● Work task
Practice item. Set the material below down again exactly, with no pictures.

● Given information
■ ■ ■
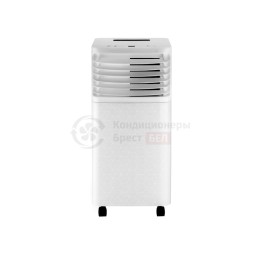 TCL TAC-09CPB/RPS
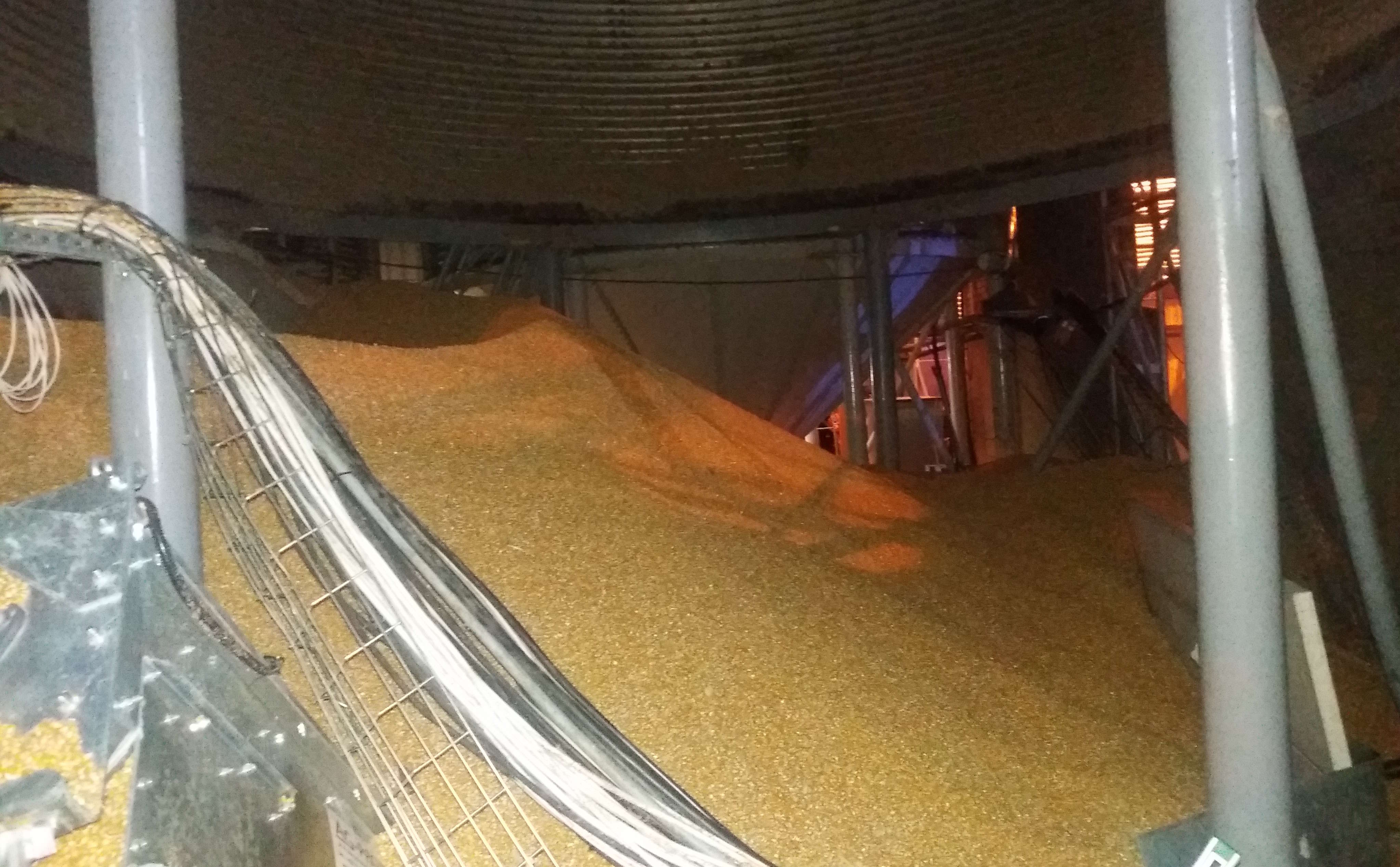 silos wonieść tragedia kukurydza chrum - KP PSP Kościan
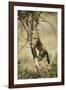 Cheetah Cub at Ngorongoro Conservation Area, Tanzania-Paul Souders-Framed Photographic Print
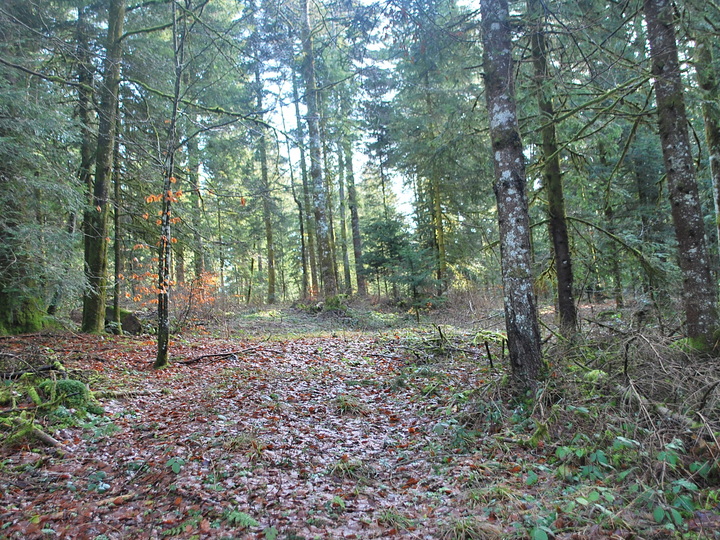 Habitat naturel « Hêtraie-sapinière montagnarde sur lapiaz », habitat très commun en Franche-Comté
■ ■ ■
● Written answer
 TCL TAC-09CPB/RPS
 silos wonieść tragedia kukurydza chrum - KP PSP Kościan
 Cheetah Cub at Ngorongoro Conservation Area, Tanzania-Paul Souders-Framed Photographic Print
 Habitat naturel « Hêtraie-sapinière montagnarde sur lapiaz », habitat très commun en Franche-Comté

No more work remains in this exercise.